Individual preferences also influence how funeral processions are carried out. While many organized religious practices recommend a formal funeral and burial follow initial mourning ceremonies, some people prefer to be cremated instead of buried. Other people find it helpful to make up their own personal traditions and rituals, so that they honor shared values of the lost person and the survivors. Some mourners find it comforting to go through prescribed rituals, while others may find them to feel hollow. If you find yourself in the later camp and find the idea of a formal ceremony to be less than meaningful, keep in mind that rituals are intended more for the benefit of grieving mourners considered as a group than for the deceased, or the needs of any individual mourner. It is important to think of the mourning family's needs overall needs while planning a funeral.

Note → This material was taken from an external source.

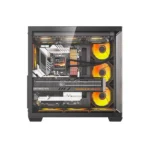⁦Darkflash C280 E-ATX Full-Tower PC Gaming Case, 7×ARGB Fans Included, 270° Tempered Glass, Reverse Connection Motherboard Compatible, 360mm Radiator Support, Black | C280B⁩ - الصورة ⁦3⁩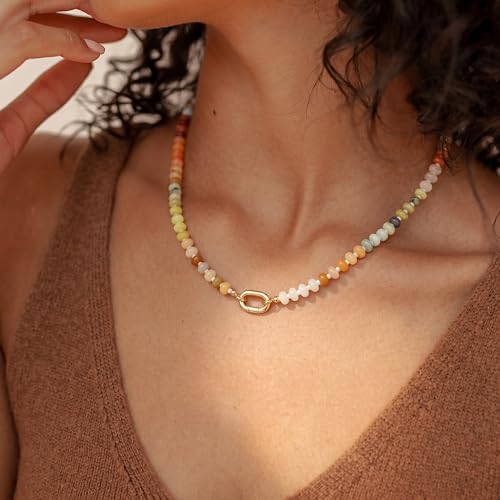 CONRAN KREMIX Colorful Stone Beaded Necklace for Women,Natural Gemstone Bead Choker Necklaces Boho Summer Beach Layering Necklace Jewelry Gift for Women - color: Colourful-A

Grieving the death of someone close commonly raises existential questions about the meaning and nature of life and death. Death reminds all thoughtful adults of their own mortality, and the necessarily limited nature of human ambition. People seek answers for their existential questions in a variety of places depending on their backgrounds. Some find answers in scripture, dogma, or simple faith, others may turn to philosophy and other scholarly pursuits, meditation, or art, and still others will seek answers by deepening their relationships with other people and with their communities. Grief recovery is a good time to deepen existing convictions, religious or otherwise, concerning how to make the most of life. It can also a good time to explore new approaches to existential questions that have not previously been considered. Such engagement can deepen your appreciation of life, but it can also expose you to people who would take advantage of your vulnerability, including con-artists, so-called gurus and false or otherwise spirutually corrupt religious leaders. Recall that your judgement tends to not be very trustworthy during times of grief, and do not make binding decisions or agreements while grieving that you cannot reverse later on.